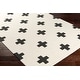 preview thumbnail 3 of 2, Trocadero White Modern Geometric Wool Handmade Area Rug - 2' x 3'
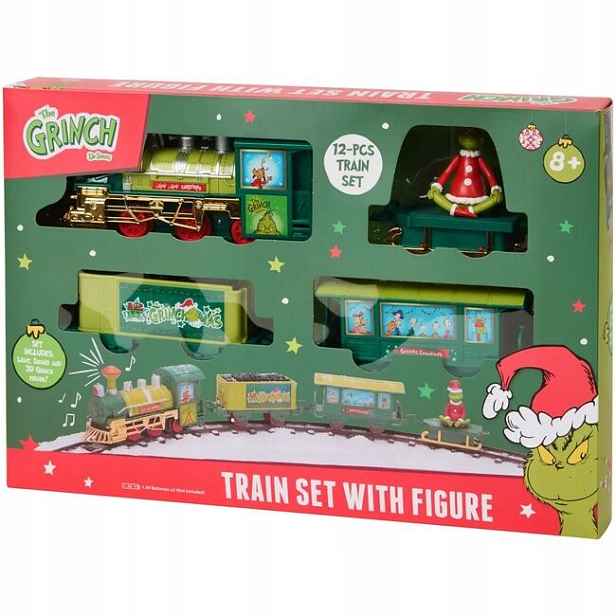Grinch Vánoční vláček Grinch s figurkou, 12dílná sada
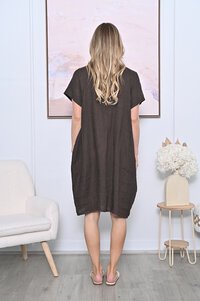 AE Luxe Plain Linen Baggy Dress
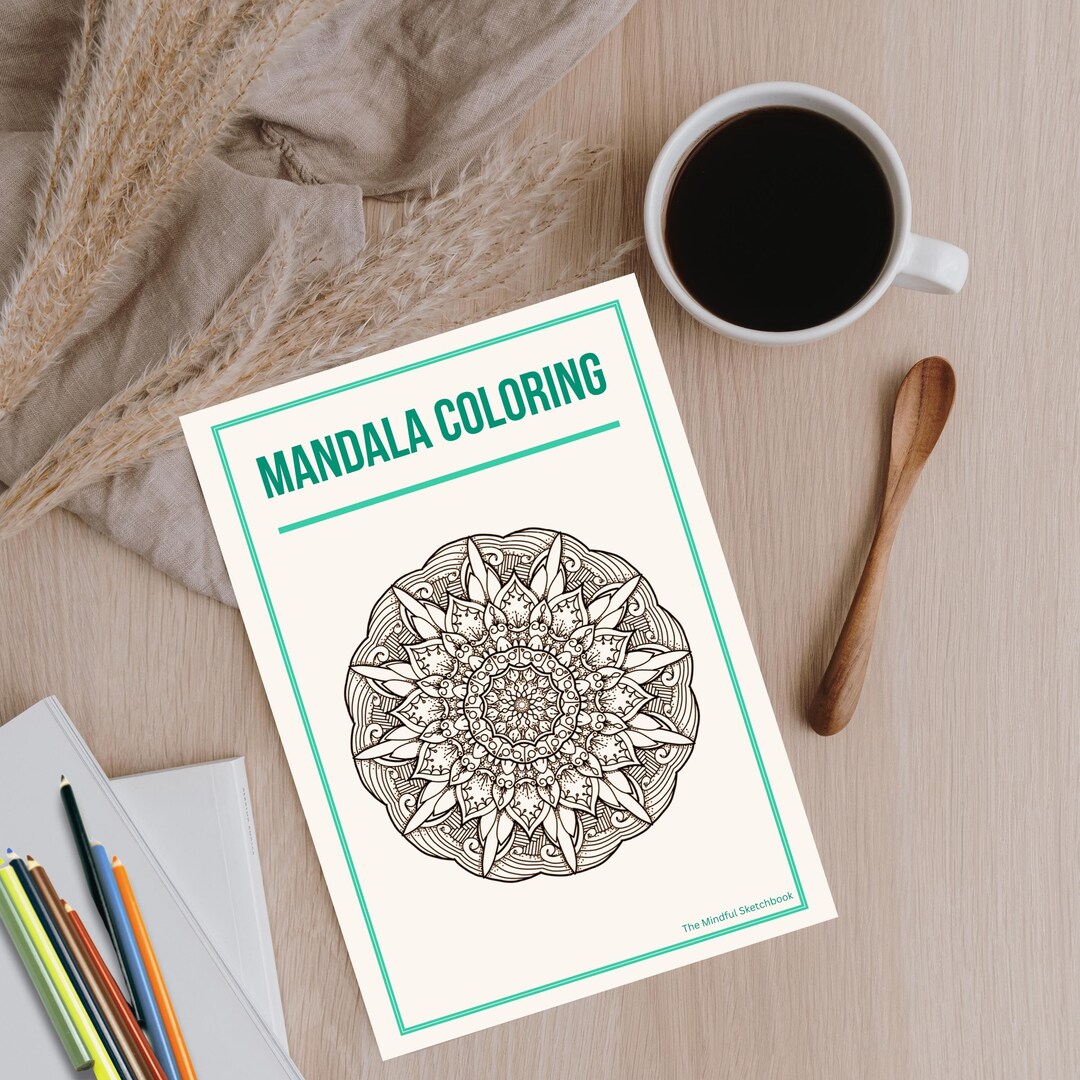 50 Intricate Mandalas Coloring Pages – Printable PDF for Mindfulness, Relaxation & Stress Relief ...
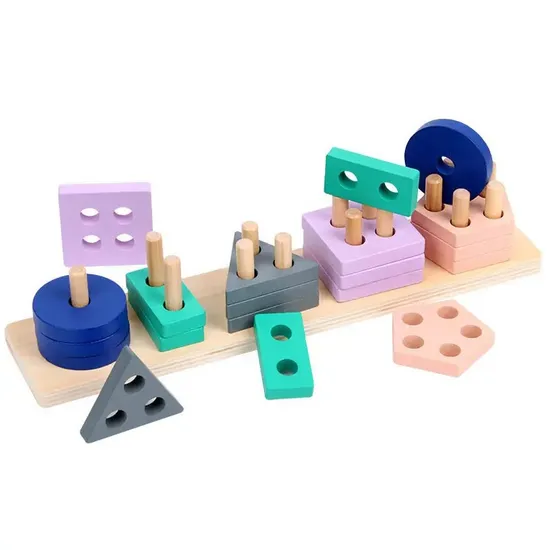 Building Blocks Children Educational Sorting Stacking Toys Toddle Toy Wooden Toys Bricks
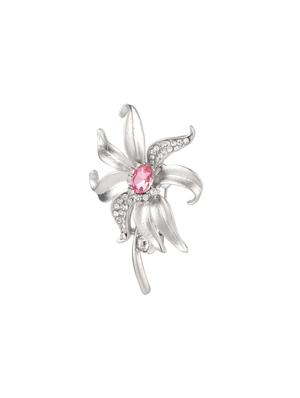 silver metal brooch - 15937986 - Standard Image - 3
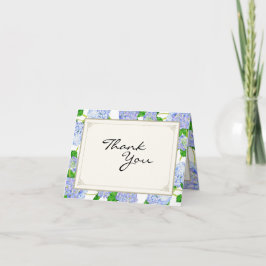 Bilhetes de Agradecimento Hydrangea Azul Renda Flo
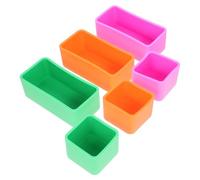 Angoily Separadores de Silicona para Fiambrera Portátil 6 Piezas Compartimentos Multifuncionales Resistentes al Desgaste Diseño Compacto y Apto para Microondas Colores Verde Morado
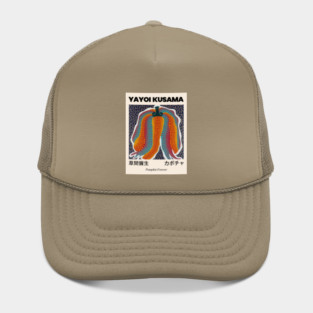 Yayoi Kusama Pumpkin Forever Exhibition Hat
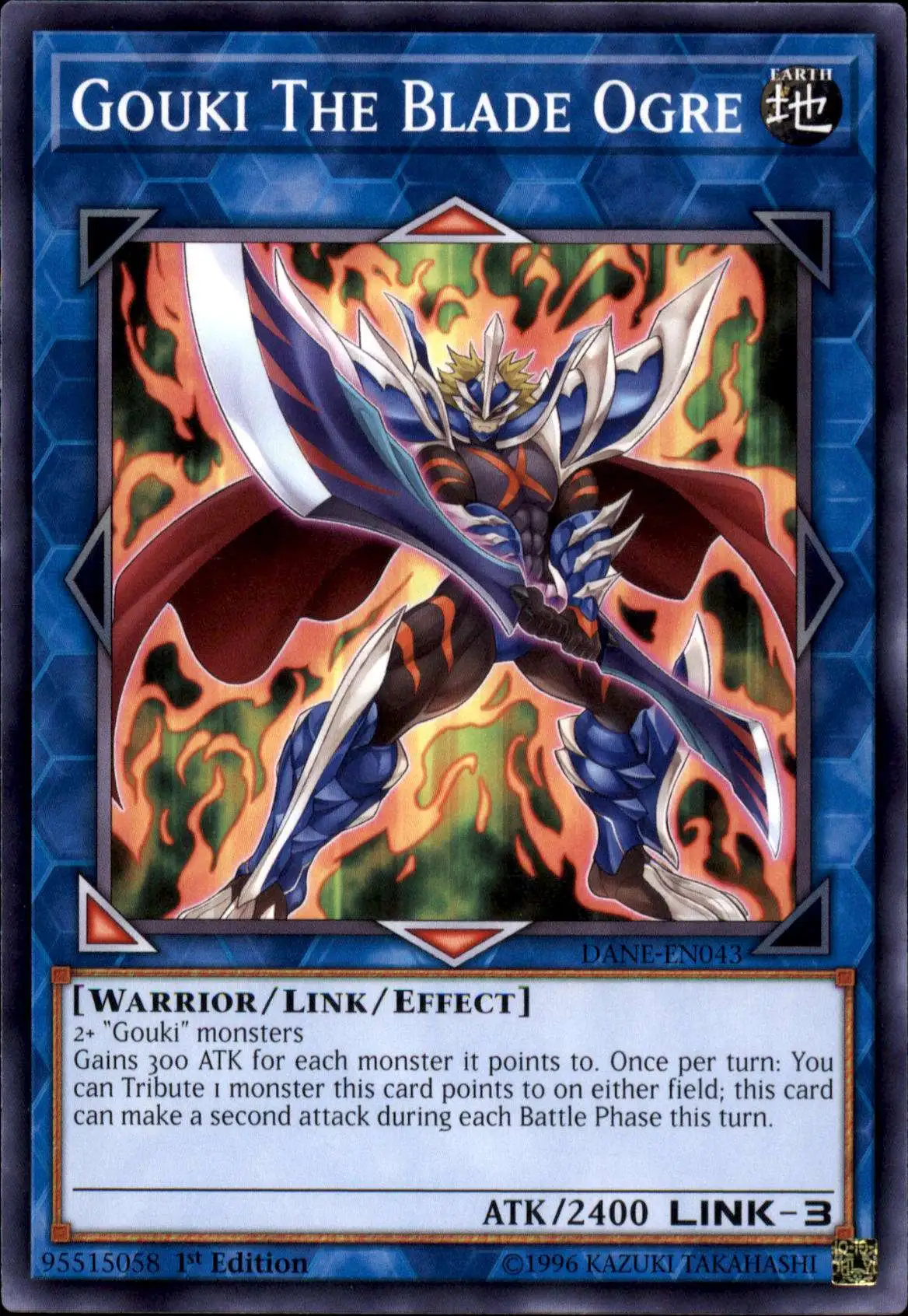 YuGiOh Dark Neostorm Common Gouki The Blade Ogre DANE-EN043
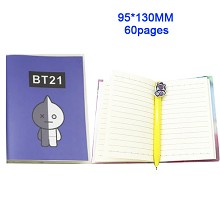 BTS防弹少年团 机器人 笔记本 日记本 记事本（60页）
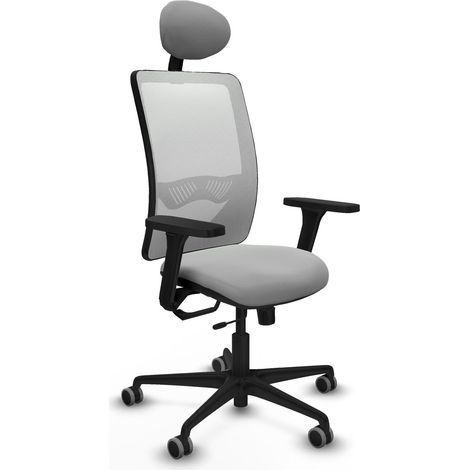 Bürostuhl piqueras y crespo Zulema hellgrau Kunstleder Mesh (1/2)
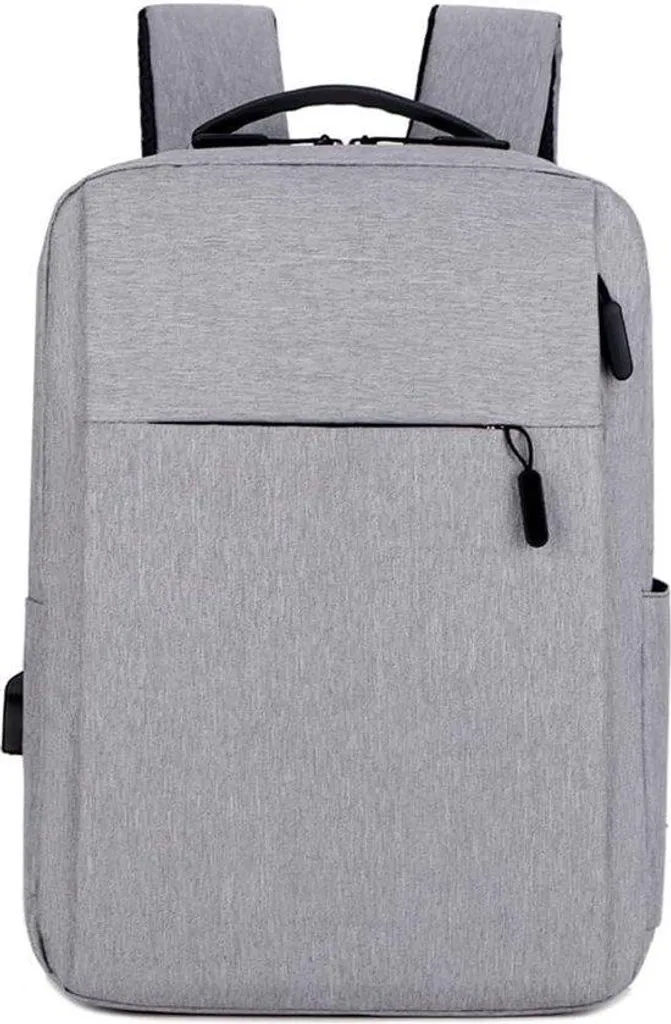 Grand sac à dos ordinateur gris 17 pouces unisexe pour PC et Mac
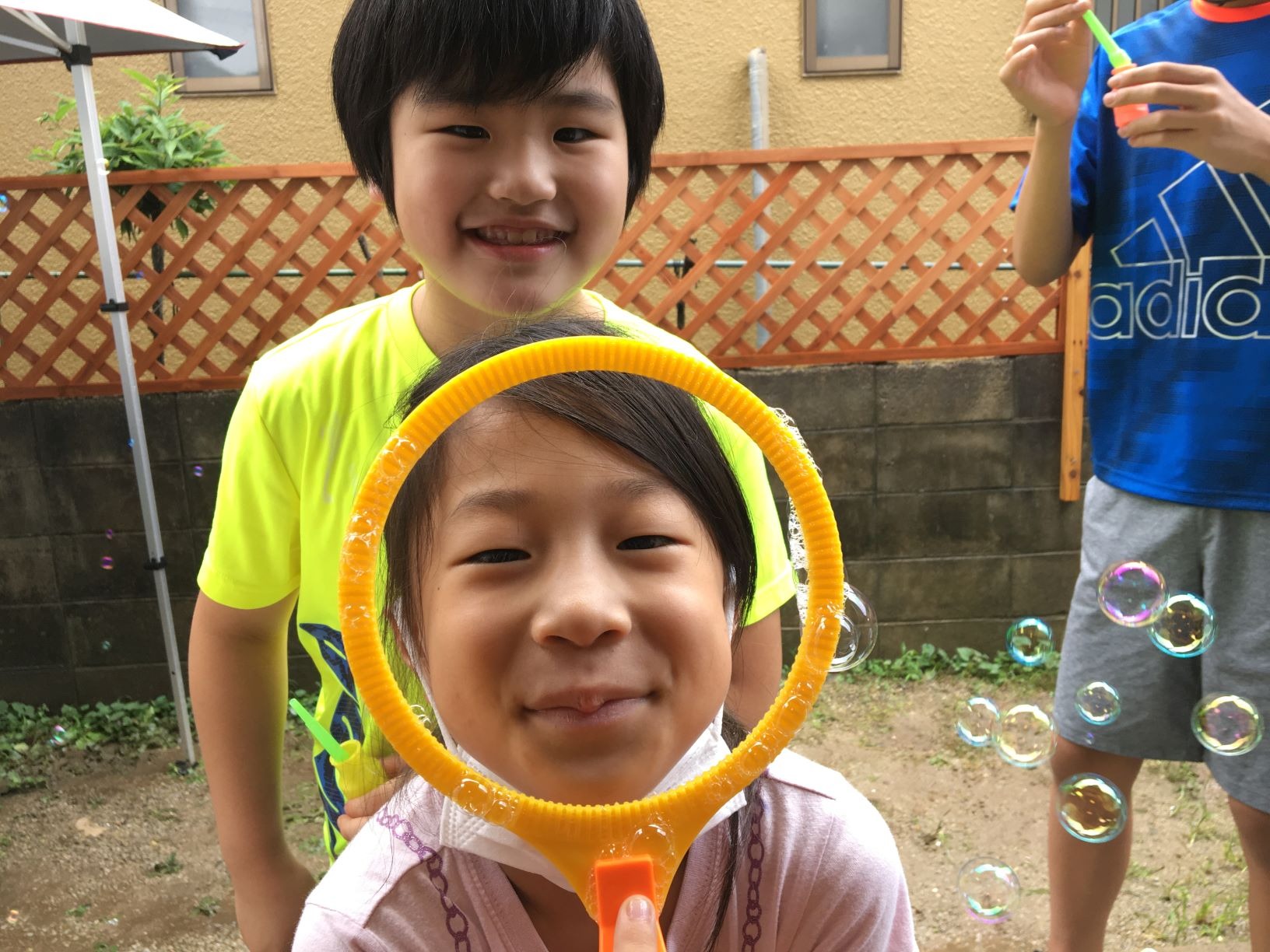 8月9日(月)　シャボン玉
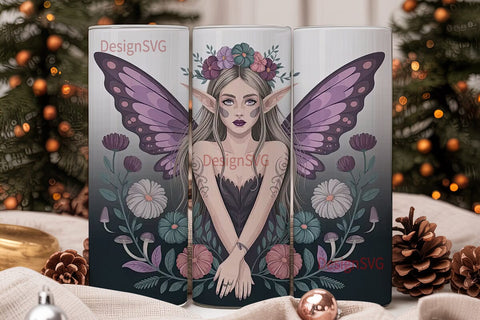 Mystical Fairy 20oz Tumbler Wrap Sublimation DesignSVG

▸ Instructions to follow: Could you copy, exactly and with no pictures, each line from the first one above to the line holding "50 Intricate Mandalas"?

▸ Solution to this problem:
 preview thumbnail 3 of 2, Trocadero White Modern Geometric Wool Handmade Area Rug - 2' x 3'
Grinch Vánoční vláček Grinch s figurkou, 12dílná sada
 AE Luxe Plain Linen Baggy Dress
 50 Intricate Mandalas Coloring Pages – Printable PDF for Mindfulness, Relaxation & Stress Relief ...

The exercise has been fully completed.